El error de los administradores del bar fue cerrar las puertas de emergencia. Se trataba de una medida para evitar que algunos de los aficionados se colaran al concierto. El problema fue que alguien decidió que era una buena idea disparar una pistola de bengalas en medio del público. El sitio se incendió y, por supuesto, nadie pudo salir del bar. El resultado fueron 194 muertos.

Un segundo incidente se presentó en Rhode Island, en el bar The Station, en el año 2003. En el bar se presentaba la banda de Glam Metal, Great White. El espectáculo de la banda contenía fuegos pirotécnicos que se activaban a la mitad del concierto. El sitio, también demasiado pequeño, se incendió y murieron 100 personas, incluido el guitarrista de la banda, Ty Longley. La banda accedió a pagar un millón de dólares a las víctimas o a sus familiares para evitar cualquier conflicto legal.

En nuestro festival, Rock al Parque (del que debí hablar hace unos 10 párrafos), la tragedia no está presente. El infierno no ha llegado a nuestro festival. No han existido incendios, ni matanzas. Lo máximo que podríamos decir es que durante estos años sólo se han presentado algunos simulacros de la catástrofe: algunas peleas entre distintas subculturas que no han pasado a mayores, y, quizás la gran mancha blanca que cubrió al festival de forma literal. Durante el día de metal del año 2007 una granizada hizo que se cancelará la jornada. Esta, por supuesto, no es una catástrofe; es, como dije, un simulacro de algo más grande. Yo recuerdo tener los pies congelados y rojos por pisar el suelo congelado. Esto, cómo no, es una imagen ridícula. Un montón de aficionados al rock escapando de la lluvia. No sabíamos que lo que más nos atacaba era la ridiculez de escapar de un festival de rock por la lluvia. Uno podría pensar en el dicho “cuando el infierno se congele”. La verdad acerca de nuestro festival es que poco a poco se congela. Se parece, cada vez menos, al infierno. No estoy pidiendo una catástrofe, por supuesto, pero sí algo del sentimiento de catástrofe que rodeaba al rock.

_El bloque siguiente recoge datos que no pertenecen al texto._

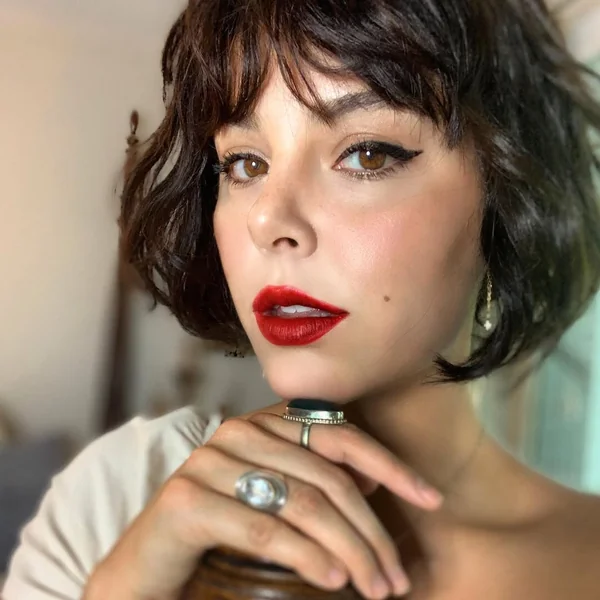 Edgy Brunette Micro-Bob with Piecey Fringe
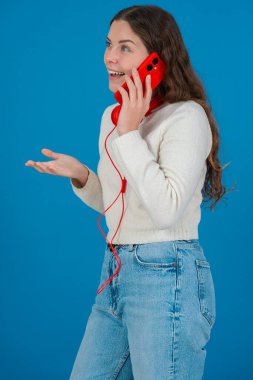 Kırmızı bir akıllı telefondan konuşan neşeli genç bir kadının dikey görüntüsü. Elini göğsüne koyup gülüyor. Parlak mavi bir arka plana yaslanıyor. Sıradan bir anda.. 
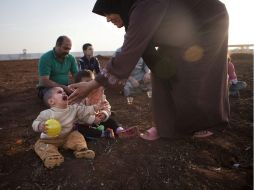 Una refugiada siria tiende su mano hacia unos niños en un campamento de personas desplazadas en la frontera turco-siria. EFE  /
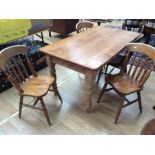 A Victorian pine kitchen table, raised on turned legs, 76cm high, 152cm wide, 86cm deep, together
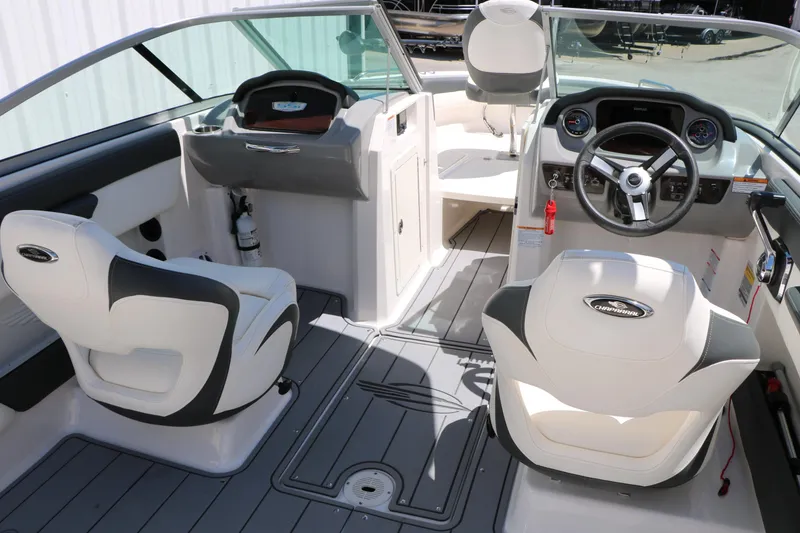 Slide: The Image of 2023 Chaparral 21 SSi Ski & Fish boat interior with steering wheel and seating. - 23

Me parece que toda la imaginería demoníaca está perfectamente representada en las dos primeras catástrofes que narré (no en la tercera, por supuesto). Ya no se trata de unos objetos que vemos como simples o demasiado falsos. El diablo ya no está en los detalles. Aparece, de forma apocalíptica, en actos de devastación total. El diablo ya no está en las representaciones de la joyería del Black Metal, ni en las pinturas corporales anticuadas de K.I.S.S. Lo que quiero decir es que el diablo ya no es solo una imagen sobre la que se debate si representa algo que existe o no. El diablo es, ahora y para siempre, una figura totalmente real y espectacular que destruye todo a su paso, deja 194 muertos en Buenos Aires y luego 100 muertos más en Rhoad Island.